-- DATASET EXTRACT --
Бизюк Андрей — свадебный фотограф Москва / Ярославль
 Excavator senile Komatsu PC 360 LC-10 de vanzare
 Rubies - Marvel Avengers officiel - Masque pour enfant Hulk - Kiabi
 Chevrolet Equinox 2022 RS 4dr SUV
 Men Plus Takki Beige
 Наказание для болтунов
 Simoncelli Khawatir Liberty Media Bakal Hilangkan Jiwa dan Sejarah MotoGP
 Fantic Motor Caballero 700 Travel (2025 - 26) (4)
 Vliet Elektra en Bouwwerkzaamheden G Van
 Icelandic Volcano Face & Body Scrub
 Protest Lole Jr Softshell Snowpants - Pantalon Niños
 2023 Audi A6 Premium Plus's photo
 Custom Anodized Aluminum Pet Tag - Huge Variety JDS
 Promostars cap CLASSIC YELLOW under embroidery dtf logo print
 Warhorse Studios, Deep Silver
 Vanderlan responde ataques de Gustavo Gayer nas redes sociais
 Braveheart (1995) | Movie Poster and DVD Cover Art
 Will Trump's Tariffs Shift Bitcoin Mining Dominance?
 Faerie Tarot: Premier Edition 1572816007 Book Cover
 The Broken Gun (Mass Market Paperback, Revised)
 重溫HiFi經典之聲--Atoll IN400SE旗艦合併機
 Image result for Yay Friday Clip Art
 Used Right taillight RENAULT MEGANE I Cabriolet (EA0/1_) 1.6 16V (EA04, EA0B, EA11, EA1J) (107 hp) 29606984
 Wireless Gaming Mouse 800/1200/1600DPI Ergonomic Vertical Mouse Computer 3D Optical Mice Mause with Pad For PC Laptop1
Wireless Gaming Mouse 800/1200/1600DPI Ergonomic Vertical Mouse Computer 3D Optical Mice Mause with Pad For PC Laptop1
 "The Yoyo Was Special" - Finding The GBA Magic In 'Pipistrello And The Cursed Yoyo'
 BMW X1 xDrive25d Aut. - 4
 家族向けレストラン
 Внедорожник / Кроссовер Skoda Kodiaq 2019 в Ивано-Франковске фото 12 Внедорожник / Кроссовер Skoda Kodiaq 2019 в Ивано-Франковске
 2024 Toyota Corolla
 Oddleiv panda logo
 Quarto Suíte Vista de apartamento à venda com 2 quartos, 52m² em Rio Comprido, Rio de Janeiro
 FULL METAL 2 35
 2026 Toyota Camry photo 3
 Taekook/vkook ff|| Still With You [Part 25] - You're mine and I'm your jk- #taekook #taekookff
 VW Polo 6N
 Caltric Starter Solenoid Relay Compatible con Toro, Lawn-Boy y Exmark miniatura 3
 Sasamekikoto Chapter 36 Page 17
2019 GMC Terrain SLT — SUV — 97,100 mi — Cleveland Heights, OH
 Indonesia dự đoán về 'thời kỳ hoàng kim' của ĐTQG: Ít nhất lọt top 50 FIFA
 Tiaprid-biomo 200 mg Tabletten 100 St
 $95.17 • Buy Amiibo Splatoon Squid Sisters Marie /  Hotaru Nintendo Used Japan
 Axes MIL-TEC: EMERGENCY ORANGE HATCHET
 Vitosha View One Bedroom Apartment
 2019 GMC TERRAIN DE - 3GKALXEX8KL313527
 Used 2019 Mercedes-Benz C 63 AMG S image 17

-- WORK TO BE COMPLETED --
Extract each line from the listing that holds the word "logo".

-- YOUR RESPONSE --
 Promostars cap CLASSIC YELLOW under embroidery dtf logo print
 Oddleiv panda logo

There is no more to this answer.